Hi,
1. The n_jobs parameter controls the number of physical processes started in
parallel. It should be set depending on the
number of cpu cores available on your machine, independent of the type of or
size of the CV search you are trying to
run. On a typical desktop machine with four cores this might be n_jobs = 4.
2. n_jobs should really only be set in one of those places. If you were to set
(for example) n_jobs = 4 in CV and RandomForest,
you would end up with 16 distinct processes competing for a much smaller
number of physical cores, potentially making it
slower rather than faster as all of the processes compete with each other.
Hope this helps,
Sam
________________________________
From: Sheila the angel <[email protected]>
Sent: Thursday, 21 August 2014 8:32 PM
To: [email protected]
Subject: [Scikit-learn-general] optimal n_jobs in GridSearchCV
Hi,
Using GridSearchCV, I am trying to optimize two parameters values.

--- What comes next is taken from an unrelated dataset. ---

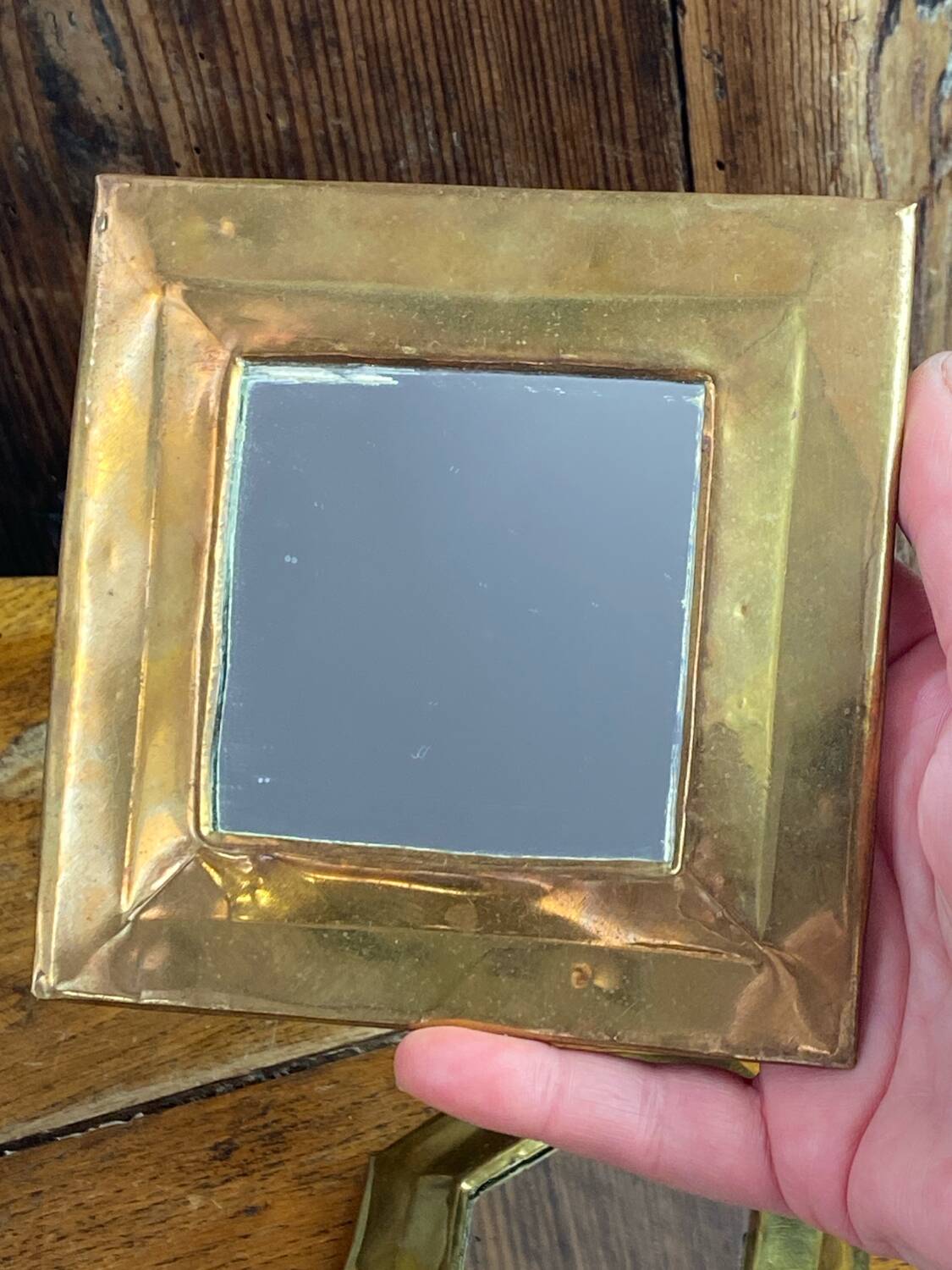 Set of five small wall mirrors in brass.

In total, I have 8 parameter combinations and doing 4 fold cross validation.
I want to run it in parallel environment.
My questions are:
1. What should be the n_jobs value, 8 or (8*4=) 32 ?

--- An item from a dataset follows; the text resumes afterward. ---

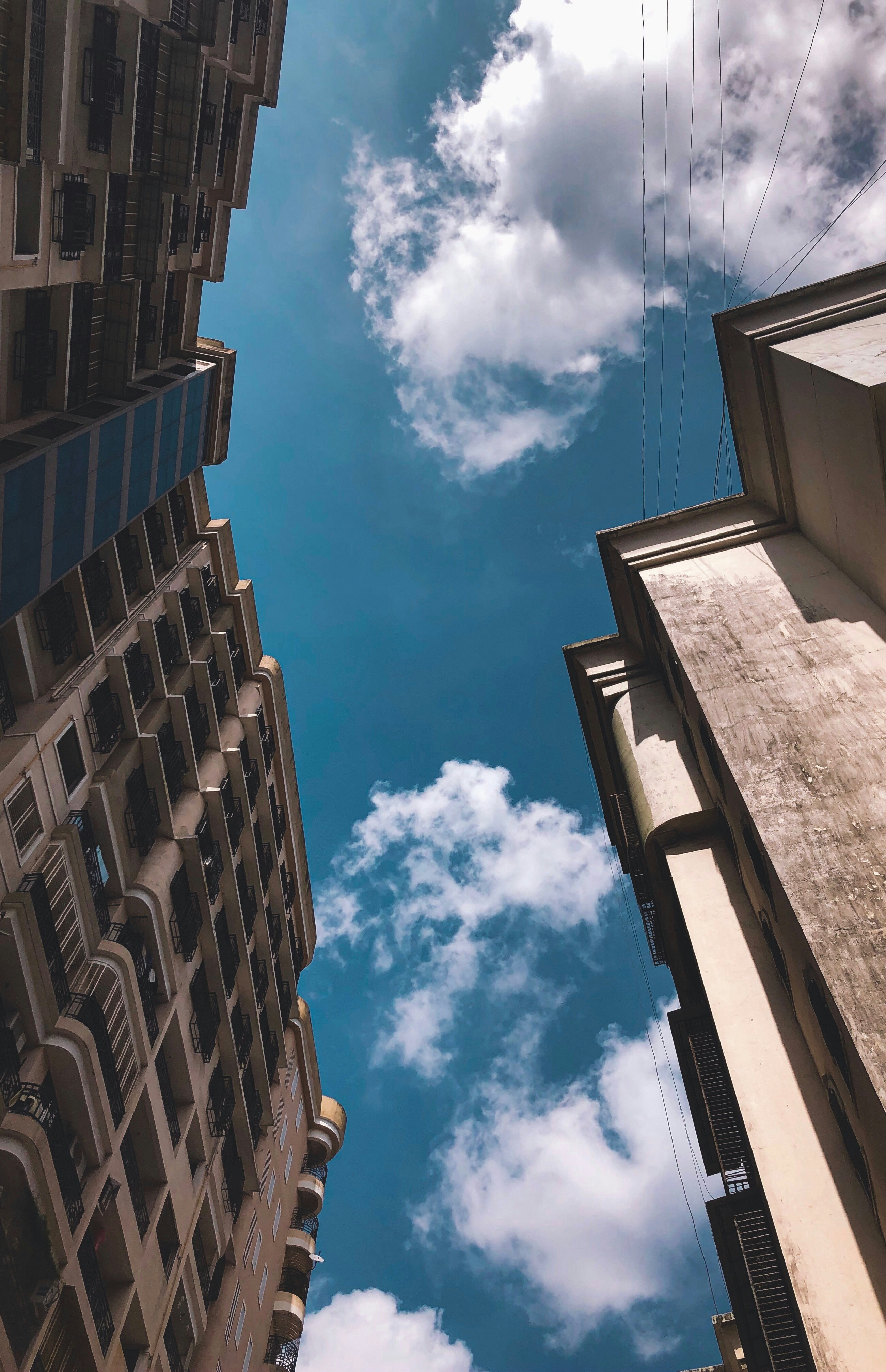 low-angle photography of gray concrete building under blue sky and white clouds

(I know I can specify n_jobs=-1 but due to some technical reasons, I want to
know how many jobs GridSearchCV will start.)
2. If I use the classifier such as RandomForestClassifier where 'n_jobs' can be
specified, will it make any difference if I specify "n_jobs" at the classifier
level also-
>>>clf = RandomForestClassifier(n_jobs=-1)
>>>grid_search = GridSearchCV(clf, param_grid, n_jobs = -1)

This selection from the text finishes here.